Inédite parce qu’elle met fin de manière spectaculaire à un magistère moral exercé depuis Paris sur des questions cruciales du nouveau Maroc en cours de construction, comme la liberté d’expression, les droits de l’homme ou la moralisation de la vie politique. Proximité historique et francophilie oblige, les médias français exerçaient une sorte de fascination sur l’opinion marocaine qui en admiraient l’objectivité et l’élégance et sur l’élite marocaine qui en consommait "le jus idéologique" jusqu’à la lie. Ces médias et ces journalistes étaient porteurs d’un bel esprit, l’essence même de la vieille tradition démocratique française.

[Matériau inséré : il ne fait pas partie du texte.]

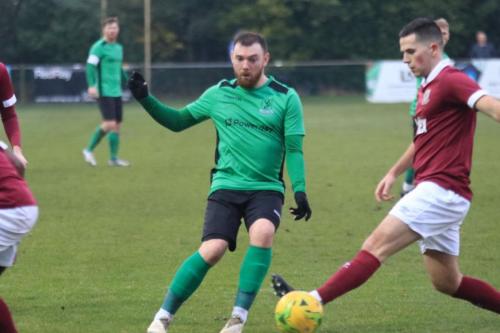 Enfields Billy Bricknell and Potters Bars Will Wambeek (R)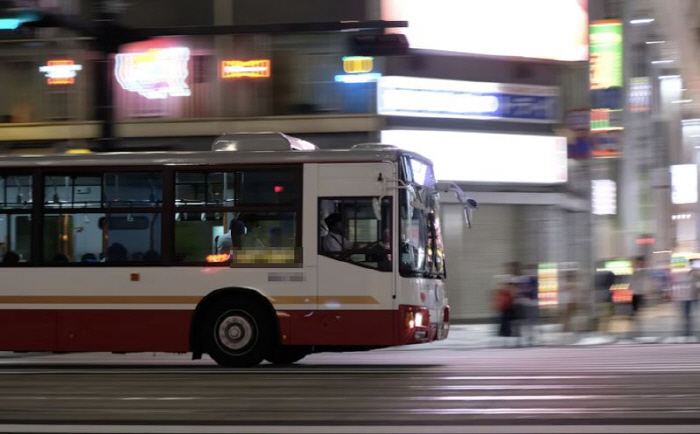 On a whim, a college student who touched an important part of a high school student sleeping on a bus...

Avec le temps, l’affaire Eric Laurent /Catherine Graciet apparaîtra pour ce qu’elle est : une tentative de chantage et d’extorsion de fonds de la part de deux journalistes français. Mais au delà de ses péripéties judiciaires, elle a d’ores et déjà l’effet d’une bombe dans les médias français. Il n’y a qu’à voir la nature des Breaking news montés à la hâte sur le sujet, l’épaisseur des interrogations incrédules formulées dans l’urgence pour saisir l’importance de la secousse qu’une telle affaire a pu provoquer. Pourtant, alors que les principaux acteurs de cette sombre affaire – avocats, autorités judiciaires, sources policières françaises -, confirment preuves à l’appui (l’argent remis, le contrat signé, le chantage enregistré généreusement en son et en image) l’incontestable opération de chantage à laquelle se sont livrés Eric Laurent et Catherine Graciet, certains médias ou journalistes tentent quasiment de faire passer deux maîtres chanteurs pris les doigts dans la confiture, pour deux victimes presque accusées à tort. Leurs proches montent aussi au créneau et dénoncent un "traquenard" du Maroc, ce qui revient à dire que police et justice française sont des ingénus naïfs qu’on peut manipuler à sa guise !

Cette affaire de chantage qui intervient alors que les relations entre Paris et Rabat ont repris leur traditionnel rythme de croisière est un véritable coup de pied dans la fourmilière de certains journalistes écrivains qui ont fait du Maroc une spécialité éditoriale pour les uns et un fond de commerce juteux pour les autres. Dans le marché de l’édition et de la production d’informations, le Maroc est un pays qui fait vendre, suscite beaucoup d’intérêt et de curiosité. Il faut plus s’en féliciter que s’en plaindre. Une des principales conséquences de cette affaire sera qu’on fera dorénavant le tri entre les articles relevant d’une surenchère inutile et intéressée ou d’une offre de service courtisane et les écrits de qualité – et ils existent heureusement.

Une fois apaisée, voire rationalisée, cette relation médiatique participera sans aucun doute à ce que la relation politique entre les deux pays, que la géographie, l’histoire, l’économie ont inévitablement rendu intime, atteindra un niveau de maturité bénéfique pour son essor et sa prospérité. La prochaine visite du président français François Hollande au Maroc, à Tanger précisément les 19 et 20 septembre prochain, sera une occasion supplémentaire et prestigieuse d’illustrer ce retour à la normale après le long épisode glacial de la suspension de la coopération judiciaire.